● **Your task**: Please print, exactly, only the lines in the entries below from the line that has "Un vecino de" through the line that has "Caltric Rear Brake". Pictures don't go in.

● **Data supplied**:
---

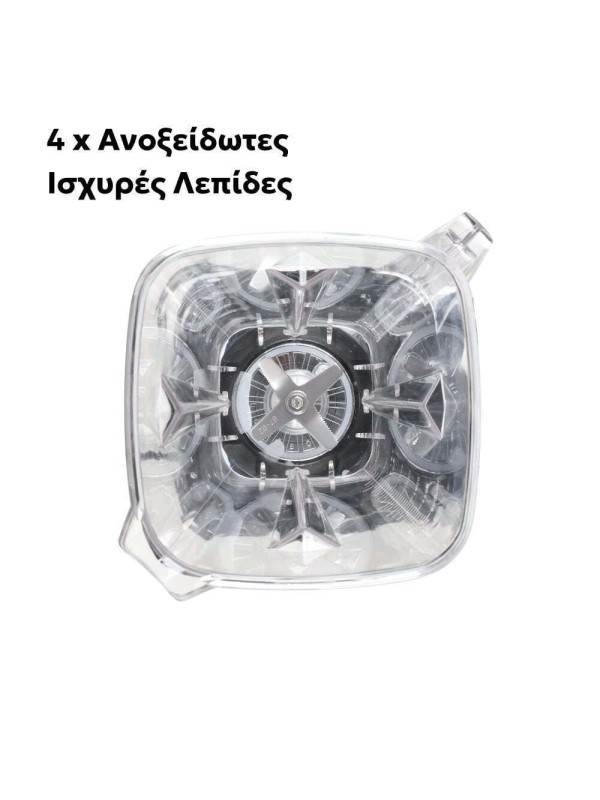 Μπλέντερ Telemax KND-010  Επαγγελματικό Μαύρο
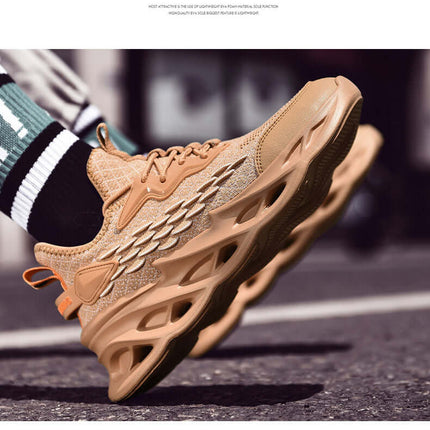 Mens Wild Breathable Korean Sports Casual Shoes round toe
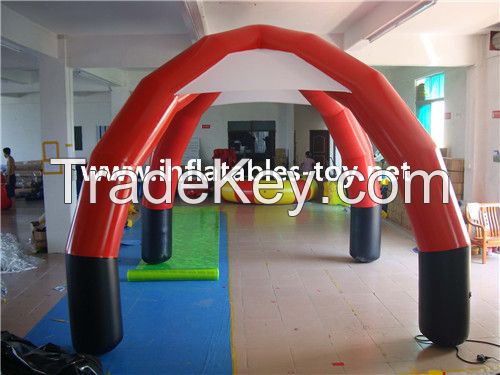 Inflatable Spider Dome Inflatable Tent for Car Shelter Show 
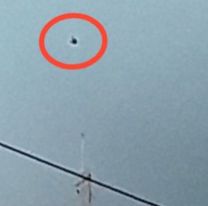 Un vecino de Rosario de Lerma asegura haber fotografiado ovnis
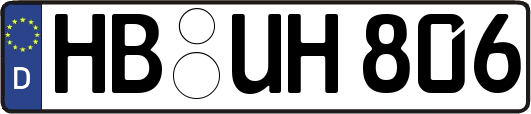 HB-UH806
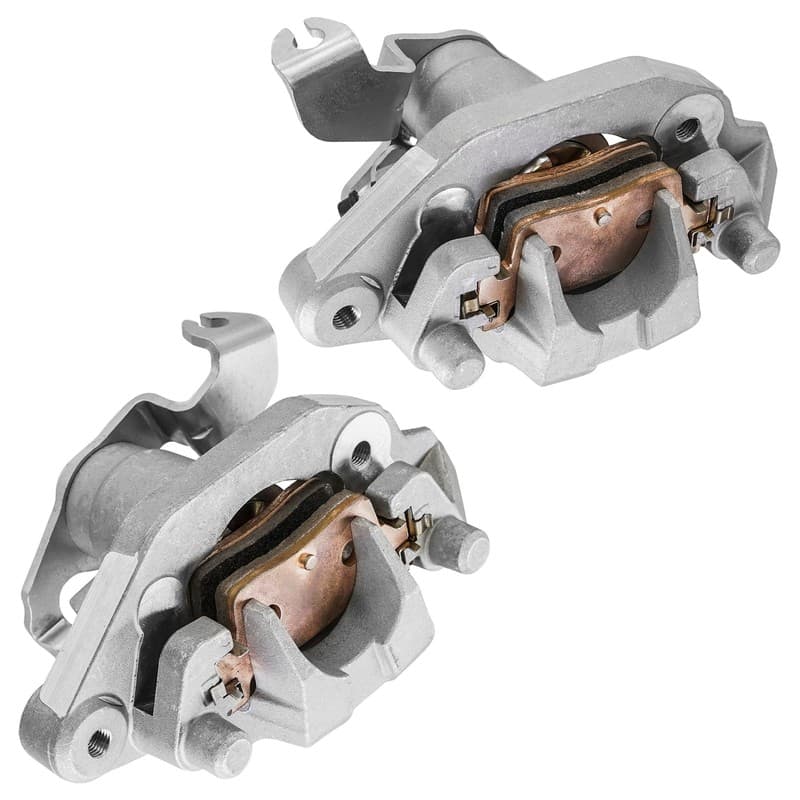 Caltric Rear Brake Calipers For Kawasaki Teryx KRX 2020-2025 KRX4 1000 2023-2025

---

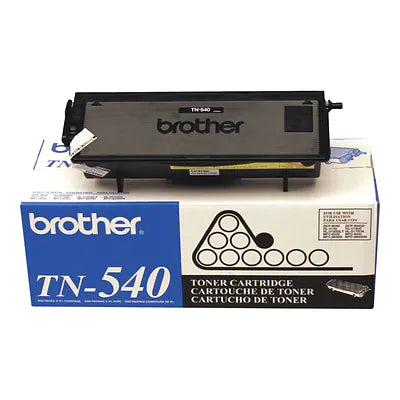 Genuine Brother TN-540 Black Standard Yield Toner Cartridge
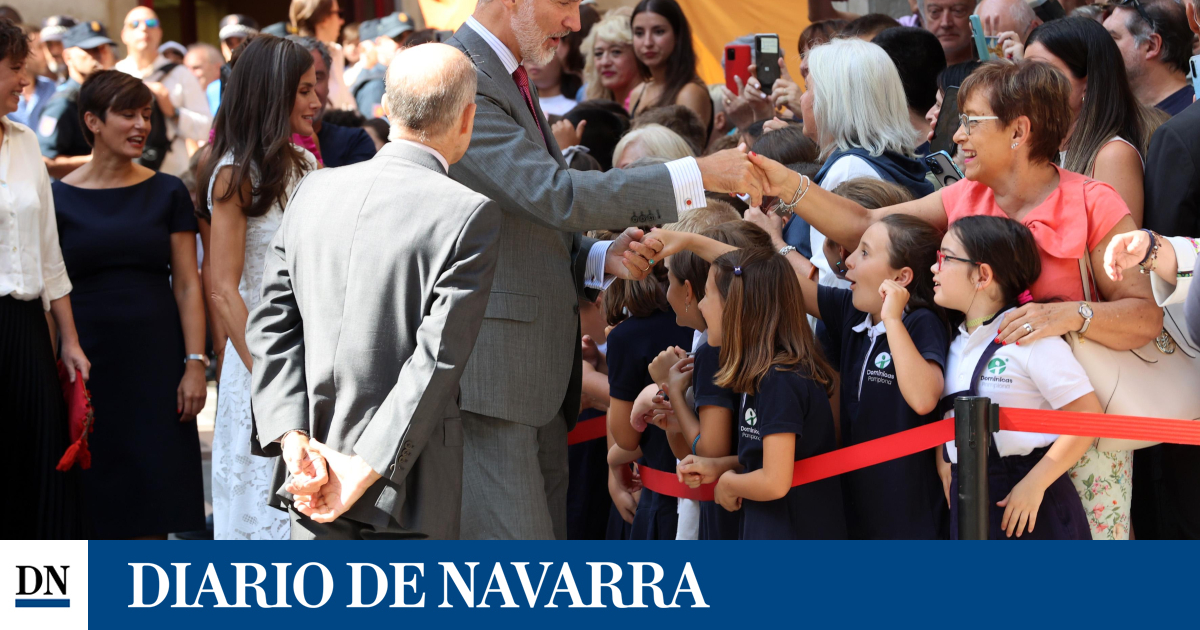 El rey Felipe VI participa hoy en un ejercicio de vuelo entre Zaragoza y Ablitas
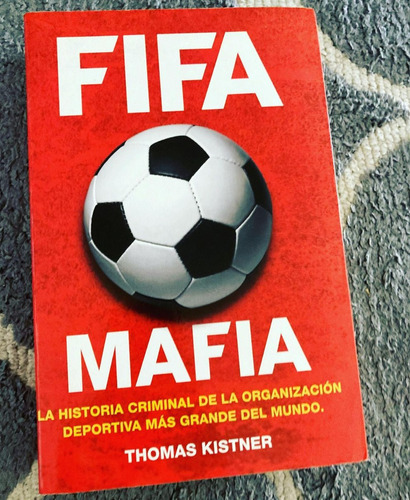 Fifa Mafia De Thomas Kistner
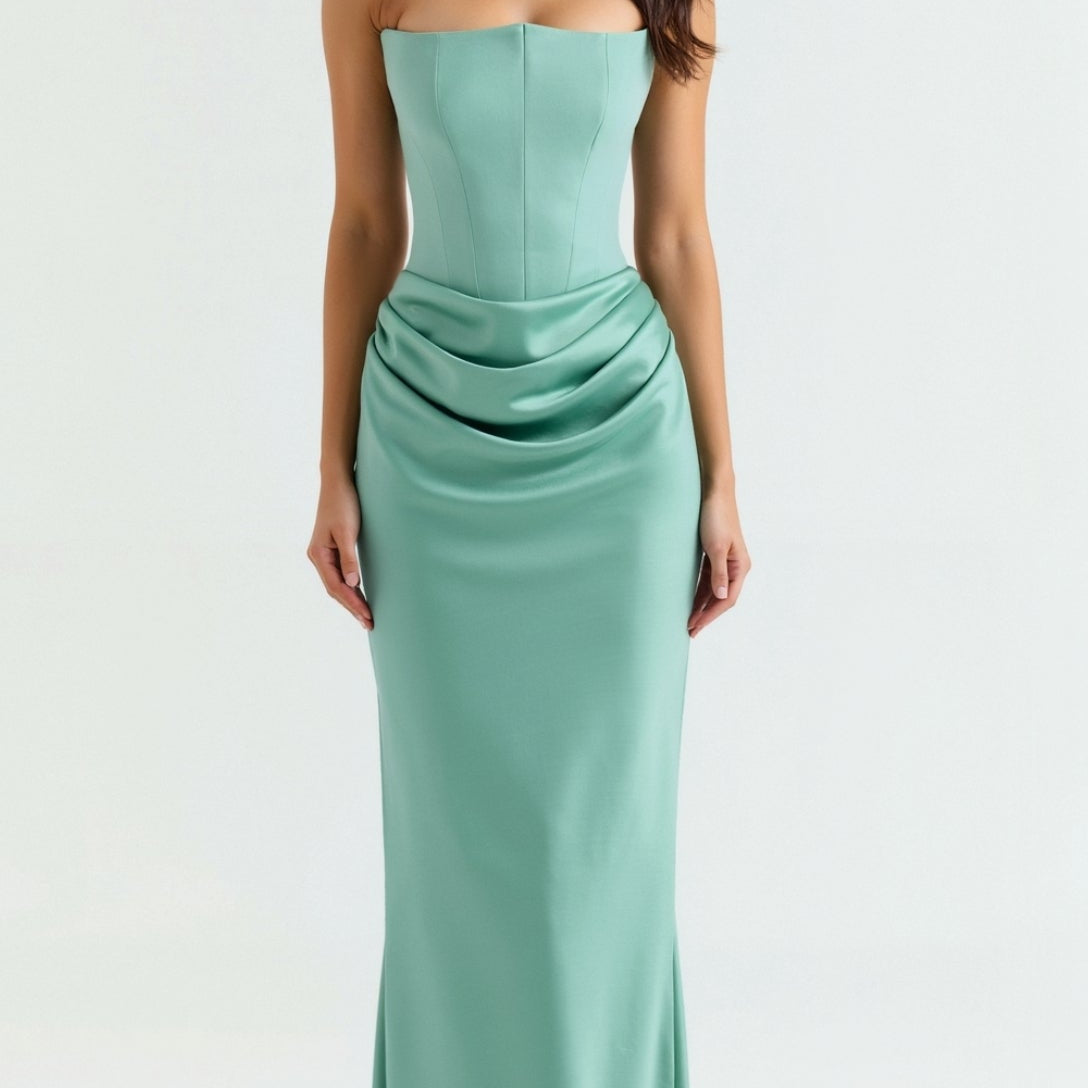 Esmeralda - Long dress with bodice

---

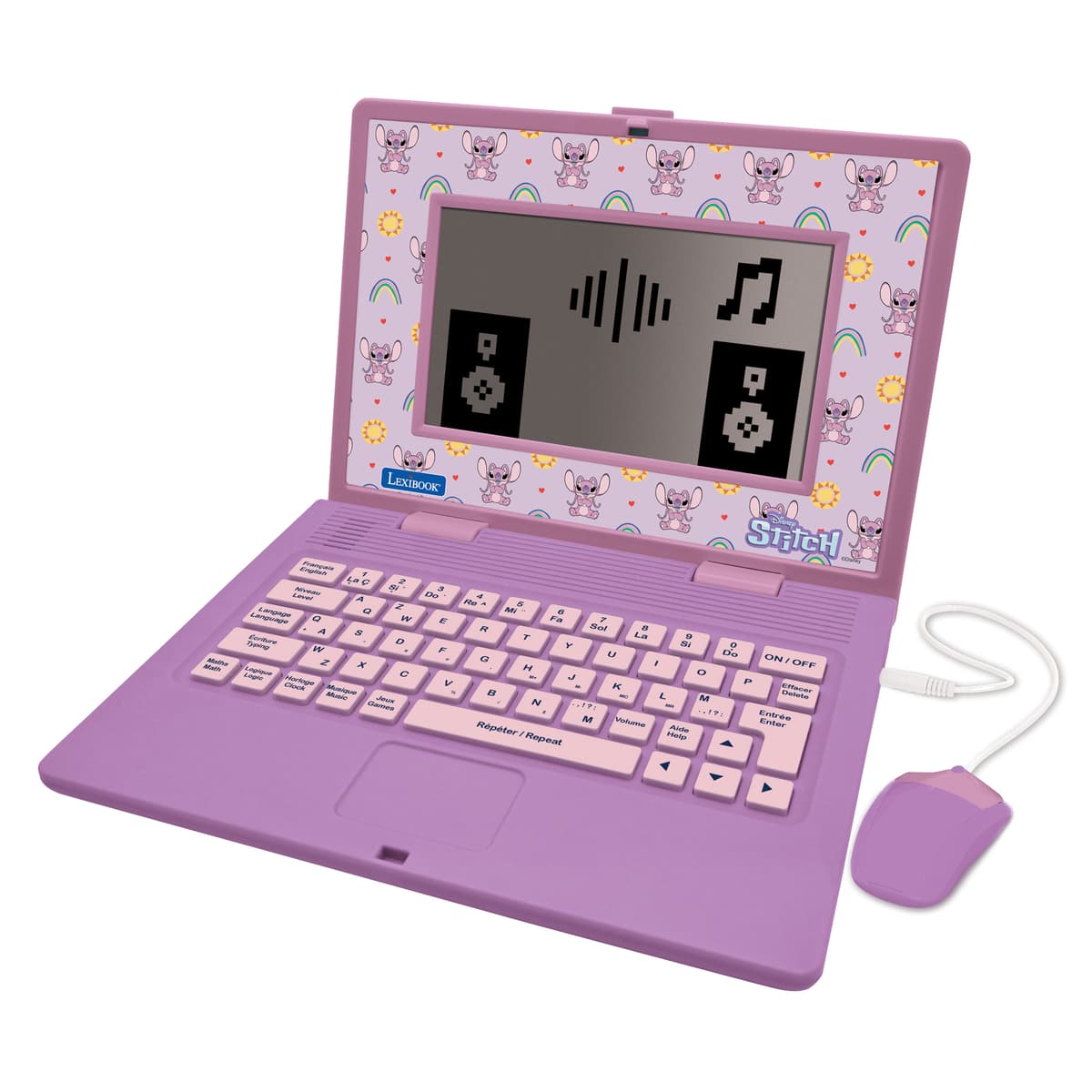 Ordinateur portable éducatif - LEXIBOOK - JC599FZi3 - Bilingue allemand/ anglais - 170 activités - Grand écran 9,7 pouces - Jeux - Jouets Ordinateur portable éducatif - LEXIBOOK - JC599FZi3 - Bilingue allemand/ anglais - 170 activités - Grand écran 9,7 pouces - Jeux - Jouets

---

● **Exercise response**:
 Un vecino de Rosario de Lerma asegura haber fotografiado ovnis
 HB-UH806
 Caltric Rear Brake Calipers For Kawasaki Teryx KRX 2020-2025 KRX4 1000 2023-2025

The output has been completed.